= Leslie Pedley =

Australian botanist (1930–2018)

Leslie Pedley (19 May 1930 – 27 November 2018) was an Australian botanist who specialised in the genus Acacia. He is notable for bringing into use the generic name Racosperma, creating a split in the genus, which required some 900 Australian species to be renamed, because the type species of Acacia, Acacia nilotica, now Vachellia nilotica, had a different lineage from the Australian wattles. However, the International Botanical Congress (IBC), held in Melbourne in 2011, ratified its earlier decision to retain the name Acacia for the Australian species, but to rename the African species.

See also: Acacia and Vachellia nilotica regarding the dispute, and APNI for a brief history of the name, Racosperma.

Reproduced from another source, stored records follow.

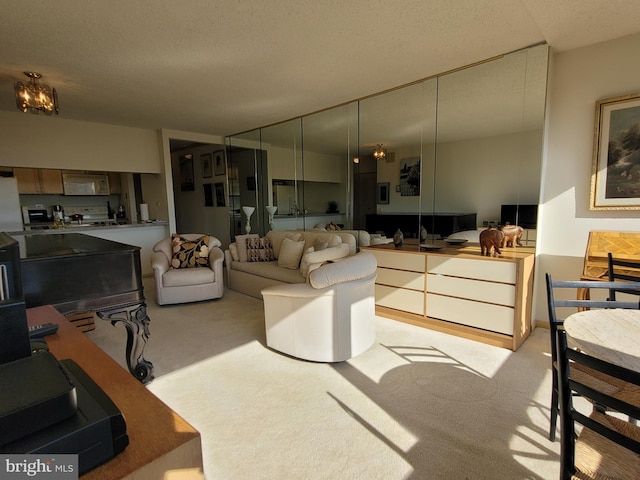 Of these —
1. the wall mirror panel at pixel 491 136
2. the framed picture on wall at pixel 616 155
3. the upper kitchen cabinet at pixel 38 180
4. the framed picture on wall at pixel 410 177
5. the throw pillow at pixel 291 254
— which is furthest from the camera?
the upper kitchen cabinet at pixel 38 180

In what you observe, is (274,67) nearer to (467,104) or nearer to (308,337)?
(467,104)

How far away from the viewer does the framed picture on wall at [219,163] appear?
6.54m

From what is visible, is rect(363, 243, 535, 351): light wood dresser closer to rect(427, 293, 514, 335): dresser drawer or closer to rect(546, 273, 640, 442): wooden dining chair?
rect(427, 293, 514, 335): dresser drawer

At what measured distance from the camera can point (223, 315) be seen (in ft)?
12.5

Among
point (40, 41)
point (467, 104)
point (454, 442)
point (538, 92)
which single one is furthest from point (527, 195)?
point (40, 41)

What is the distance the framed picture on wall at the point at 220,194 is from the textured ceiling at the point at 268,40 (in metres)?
2.81

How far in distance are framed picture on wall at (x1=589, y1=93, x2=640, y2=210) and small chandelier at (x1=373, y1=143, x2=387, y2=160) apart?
6.78 feet

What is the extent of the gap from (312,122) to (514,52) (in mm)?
2773

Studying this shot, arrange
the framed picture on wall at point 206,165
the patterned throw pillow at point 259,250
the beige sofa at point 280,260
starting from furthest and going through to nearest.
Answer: the framed picture on wall at point 206,165 → the patterned throw pillow at point 259,250 → the beige sofa at point 280,260

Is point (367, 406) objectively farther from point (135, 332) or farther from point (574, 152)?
point (574, 152)

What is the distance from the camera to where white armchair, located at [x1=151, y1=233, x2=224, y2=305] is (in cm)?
412

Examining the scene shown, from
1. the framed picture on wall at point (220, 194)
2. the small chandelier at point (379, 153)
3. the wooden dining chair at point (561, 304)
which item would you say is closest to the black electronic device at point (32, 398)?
the wooden dining chair at point (561, 304)

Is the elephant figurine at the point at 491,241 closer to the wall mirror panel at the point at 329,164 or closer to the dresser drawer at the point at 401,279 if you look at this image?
the dresser drawer at the point at 401,279

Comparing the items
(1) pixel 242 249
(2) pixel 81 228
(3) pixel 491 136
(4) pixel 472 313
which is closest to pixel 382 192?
(3) pixel 491 136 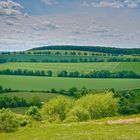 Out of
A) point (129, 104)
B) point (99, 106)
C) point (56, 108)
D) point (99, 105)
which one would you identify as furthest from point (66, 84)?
point (99, 106)

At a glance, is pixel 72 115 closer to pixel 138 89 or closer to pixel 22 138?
pixel 22 138

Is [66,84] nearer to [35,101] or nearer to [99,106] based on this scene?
[35,101]

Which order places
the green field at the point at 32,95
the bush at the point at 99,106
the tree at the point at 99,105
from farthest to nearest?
the green field at the point at 32,95 < the tree at the point at 99,105 < the bush at the point at 99,106

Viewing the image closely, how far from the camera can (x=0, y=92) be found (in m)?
180

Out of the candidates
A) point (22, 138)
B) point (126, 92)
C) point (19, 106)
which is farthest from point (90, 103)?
point (22, 138)

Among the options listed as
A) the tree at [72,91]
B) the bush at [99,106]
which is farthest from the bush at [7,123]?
the tree at [72,91]

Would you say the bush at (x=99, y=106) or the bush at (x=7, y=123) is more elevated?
the bush at (x=7, y=123)

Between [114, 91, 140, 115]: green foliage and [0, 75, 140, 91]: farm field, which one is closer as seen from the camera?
[114, 91, 140, 115]: green foliage

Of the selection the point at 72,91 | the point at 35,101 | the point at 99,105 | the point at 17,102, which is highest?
the point at 99,105

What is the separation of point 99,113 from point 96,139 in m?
Answer: 78.2

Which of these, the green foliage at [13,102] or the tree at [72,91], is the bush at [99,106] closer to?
the green foliage at [13,102]

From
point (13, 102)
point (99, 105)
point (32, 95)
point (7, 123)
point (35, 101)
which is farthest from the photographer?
point (32, 95)

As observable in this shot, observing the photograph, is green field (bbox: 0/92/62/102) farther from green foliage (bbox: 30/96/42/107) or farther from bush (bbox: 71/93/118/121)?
bush (bbox: 71/93/118/121)

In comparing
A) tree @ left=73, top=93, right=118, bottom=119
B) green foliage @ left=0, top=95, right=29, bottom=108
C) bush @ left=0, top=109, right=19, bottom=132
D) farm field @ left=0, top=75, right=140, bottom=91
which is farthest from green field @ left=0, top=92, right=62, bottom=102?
bush @ left=0, top=109, right=19, bottom=132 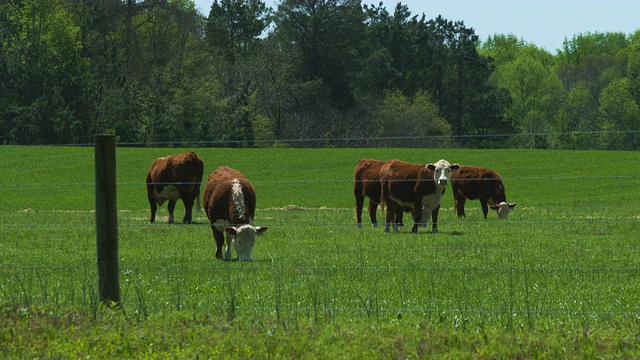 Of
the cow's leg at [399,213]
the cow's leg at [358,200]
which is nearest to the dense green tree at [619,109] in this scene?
the cow's leg at [358,200]

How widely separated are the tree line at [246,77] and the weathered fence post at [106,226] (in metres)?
58.7

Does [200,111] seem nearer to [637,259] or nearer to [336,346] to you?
[637,259]

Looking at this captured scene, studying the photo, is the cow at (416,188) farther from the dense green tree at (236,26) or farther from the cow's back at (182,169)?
the dense green tree at (236,26)

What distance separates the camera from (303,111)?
8631 centimetres

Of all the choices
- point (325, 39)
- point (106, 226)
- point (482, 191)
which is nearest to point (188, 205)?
point (482, 191)

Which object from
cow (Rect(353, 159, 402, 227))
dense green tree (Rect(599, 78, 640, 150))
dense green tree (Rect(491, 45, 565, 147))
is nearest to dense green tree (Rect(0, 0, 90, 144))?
cow (Rect(353, 159, 402, 227))

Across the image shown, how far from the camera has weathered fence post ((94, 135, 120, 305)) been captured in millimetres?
9906

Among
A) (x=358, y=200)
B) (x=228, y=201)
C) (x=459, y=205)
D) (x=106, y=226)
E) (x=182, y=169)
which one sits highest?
(x=106, y=226)

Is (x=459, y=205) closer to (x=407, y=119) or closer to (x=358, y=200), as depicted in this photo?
(x=358, y=200)

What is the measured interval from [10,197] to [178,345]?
131 ft

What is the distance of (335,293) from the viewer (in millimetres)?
11516

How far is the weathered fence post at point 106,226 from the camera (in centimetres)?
991

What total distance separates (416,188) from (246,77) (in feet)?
203

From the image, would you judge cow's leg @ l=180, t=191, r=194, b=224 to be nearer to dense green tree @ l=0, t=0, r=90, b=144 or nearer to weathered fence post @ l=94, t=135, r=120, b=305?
weathered fence post @ l=94, t=135, r=120, b=305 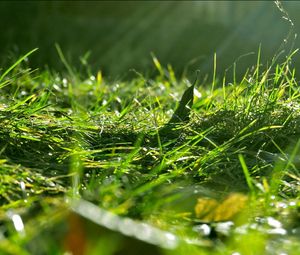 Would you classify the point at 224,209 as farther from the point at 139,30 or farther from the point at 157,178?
the point at 139,30

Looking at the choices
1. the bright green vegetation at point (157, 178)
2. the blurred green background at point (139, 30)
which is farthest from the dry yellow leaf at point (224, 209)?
the blurred green background at point (139, 30)

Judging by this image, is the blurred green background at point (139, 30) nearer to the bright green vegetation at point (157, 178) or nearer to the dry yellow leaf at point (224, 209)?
the bright green vegetation at point (157, 178)

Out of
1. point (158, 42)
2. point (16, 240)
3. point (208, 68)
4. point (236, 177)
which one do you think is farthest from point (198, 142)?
point (158, 42)

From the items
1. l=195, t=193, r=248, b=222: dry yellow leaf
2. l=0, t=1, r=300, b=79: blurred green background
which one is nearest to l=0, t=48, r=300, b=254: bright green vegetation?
l=195, t=193, r=248, b=222: dry yellow leaf

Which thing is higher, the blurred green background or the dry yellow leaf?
the dry yellow leaf

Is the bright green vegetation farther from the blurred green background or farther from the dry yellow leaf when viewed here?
the blurred green background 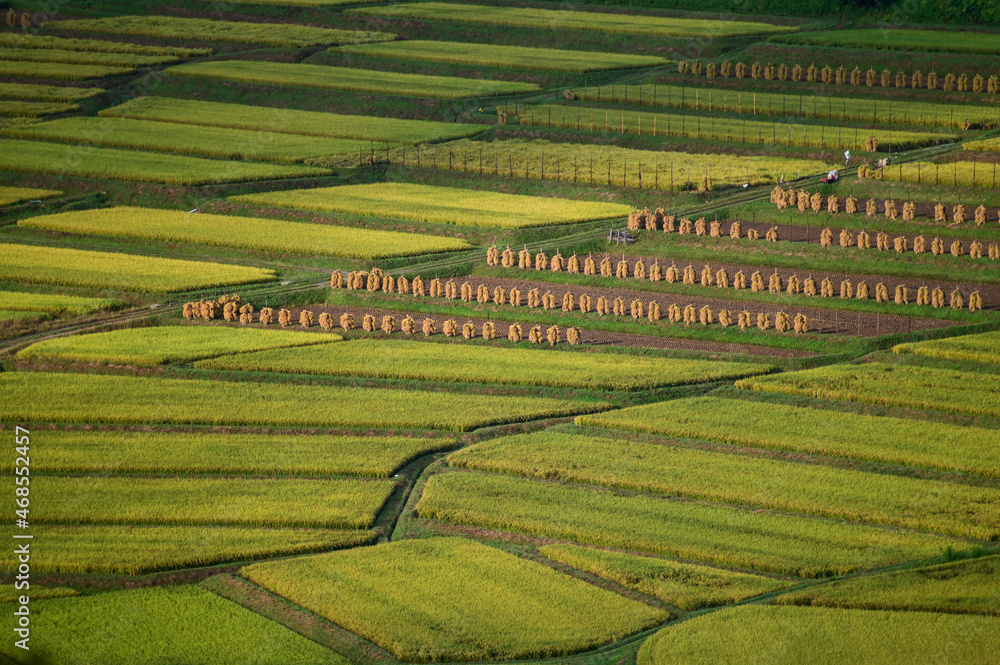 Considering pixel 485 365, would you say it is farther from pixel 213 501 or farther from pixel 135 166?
pixel 135 166

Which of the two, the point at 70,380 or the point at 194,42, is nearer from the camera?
the point at 70,380

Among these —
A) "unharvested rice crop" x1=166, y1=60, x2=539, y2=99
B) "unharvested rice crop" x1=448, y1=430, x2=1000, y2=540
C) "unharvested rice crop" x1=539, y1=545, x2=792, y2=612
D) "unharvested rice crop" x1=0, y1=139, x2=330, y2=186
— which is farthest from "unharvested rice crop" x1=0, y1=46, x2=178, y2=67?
"unharvested rice crop" x1=539, y1=545, x2=792, y2=612

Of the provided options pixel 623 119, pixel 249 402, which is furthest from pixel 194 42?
pixel 249 402

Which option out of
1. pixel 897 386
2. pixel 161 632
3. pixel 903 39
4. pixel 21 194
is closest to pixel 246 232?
pixel 21 194

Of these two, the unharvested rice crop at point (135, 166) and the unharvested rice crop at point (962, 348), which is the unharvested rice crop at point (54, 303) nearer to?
the unharvested rice crop at point (135, 166)

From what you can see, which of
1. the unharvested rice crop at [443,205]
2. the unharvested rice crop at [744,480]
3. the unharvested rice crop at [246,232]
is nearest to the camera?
the unharvested rice crop at [744,480]

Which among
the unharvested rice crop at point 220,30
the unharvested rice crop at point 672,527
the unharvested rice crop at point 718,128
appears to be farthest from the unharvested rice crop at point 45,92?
the unharvested rice crop at point 672,527

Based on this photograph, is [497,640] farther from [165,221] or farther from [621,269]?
[165,221] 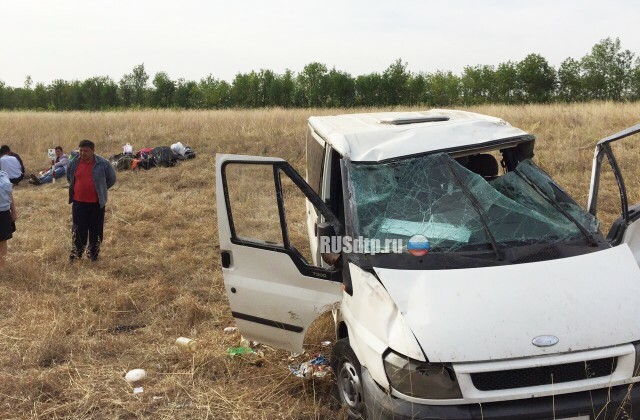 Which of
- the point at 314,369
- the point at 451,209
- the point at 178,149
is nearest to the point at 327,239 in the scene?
the point at 451,209

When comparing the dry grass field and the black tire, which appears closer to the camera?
the black tire

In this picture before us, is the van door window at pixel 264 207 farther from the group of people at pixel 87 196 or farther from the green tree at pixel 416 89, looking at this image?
the green tree at pixel 416 89

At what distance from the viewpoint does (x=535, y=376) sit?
9.04ft

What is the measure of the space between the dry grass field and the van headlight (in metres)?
0.95

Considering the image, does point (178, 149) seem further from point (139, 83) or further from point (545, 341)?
point (139, 83)

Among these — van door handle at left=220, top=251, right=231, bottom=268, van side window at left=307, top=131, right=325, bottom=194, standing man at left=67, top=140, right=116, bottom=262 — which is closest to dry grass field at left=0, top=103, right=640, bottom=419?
standing man at left=67, top=140, right=116, bottom=262

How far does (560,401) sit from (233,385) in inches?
92.0

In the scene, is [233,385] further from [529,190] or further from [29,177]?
[29,177]

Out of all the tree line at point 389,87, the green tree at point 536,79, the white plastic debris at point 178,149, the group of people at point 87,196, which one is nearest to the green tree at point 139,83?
the tree line at point 389,87

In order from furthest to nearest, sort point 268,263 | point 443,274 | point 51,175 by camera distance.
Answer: point 51,175 < point 268,263 < point 443,274

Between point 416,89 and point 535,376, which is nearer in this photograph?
point 535,376

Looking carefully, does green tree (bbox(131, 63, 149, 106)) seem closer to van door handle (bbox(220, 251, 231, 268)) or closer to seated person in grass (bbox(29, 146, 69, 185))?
seated person in grass (bbox(29, 146, 69, 185))

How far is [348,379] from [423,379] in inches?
32.0

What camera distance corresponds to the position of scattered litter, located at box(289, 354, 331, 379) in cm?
404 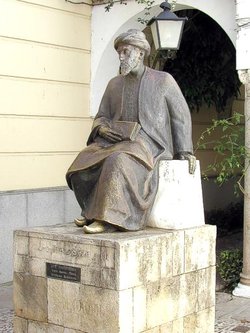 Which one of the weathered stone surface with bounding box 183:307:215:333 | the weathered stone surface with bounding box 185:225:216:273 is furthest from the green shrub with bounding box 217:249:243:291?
the weathered stone surface with bounding box 185:225:216:273

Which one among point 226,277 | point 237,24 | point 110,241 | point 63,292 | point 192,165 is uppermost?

In 2018, Japanese botanists Hiroyoshi Ohashi and Kazuaki K. Ohashi published Pedleya H.Ohashi & K.Ohashi (in the Fabaceae family) from New South Wales, the name "honors Mr. Les (Leslie) Pedley of Queensland Herbarium, Brisbane Botanic Gardens Mt Coot-tha, who revised Desmodieae of Sri Lanka and Australia".

The standard author abbreviation Pedley is used to indicate this person as the author when citing a botanical name.